## HOW TO COMPLETE THIS TASK
Copying each record below exactly is the whole task.

Records from a dataset:
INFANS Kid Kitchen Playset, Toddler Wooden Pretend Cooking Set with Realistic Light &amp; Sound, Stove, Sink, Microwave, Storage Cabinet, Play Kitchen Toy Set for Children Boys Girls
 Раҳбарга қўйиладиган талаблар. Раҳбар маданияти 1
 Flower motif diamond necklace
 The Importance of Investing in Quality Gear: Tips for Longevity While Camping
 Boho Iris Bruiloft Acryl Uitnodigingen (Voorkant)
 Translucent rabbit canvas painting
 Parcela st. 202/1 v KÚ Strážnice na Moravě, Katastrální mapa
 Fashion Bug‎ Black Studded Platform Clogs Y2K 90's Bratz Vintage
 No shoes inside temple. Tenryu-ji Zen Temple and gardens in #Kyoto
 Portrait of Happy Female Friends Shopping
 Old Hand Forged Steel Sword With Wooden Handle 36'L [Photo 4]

## ANSWER AREA
INFANS Kid Kitchen Playset, Toddler Wooden Pretend Cooking Set with Realistic Light &amp; Sound, Stove, Sink, Microwave, Storage Cabinet, Play Kitchen Toy Set for Children Boys Girls
 Раҳбарга қўйиладиган талаблар. Раҳбар маданияти 1
 Flower motif diamond necklace
 The Importance of Investing in Quality Gear: Tips for Longevity While Camping
 Boho Iris Bruiloft Acryl Uitnodigingen (Voorkant)
 Translucent rabbit canvas painting
 Parcela st. 202/1 v KÚ Strážnice na Moravě, Katastrální mapa
 Fashion Bug‎ Black Studded Platform Clogs Y2K 90's Bratz Vintage
 No shoes inside temple. Tenryu-ji Zen Temple and gardens in #Kyoto
 Portrait of Happy Female Friends Shopping
 Old Hand Forged Steel Sword With Wooden Handle 36'L [Photo 4]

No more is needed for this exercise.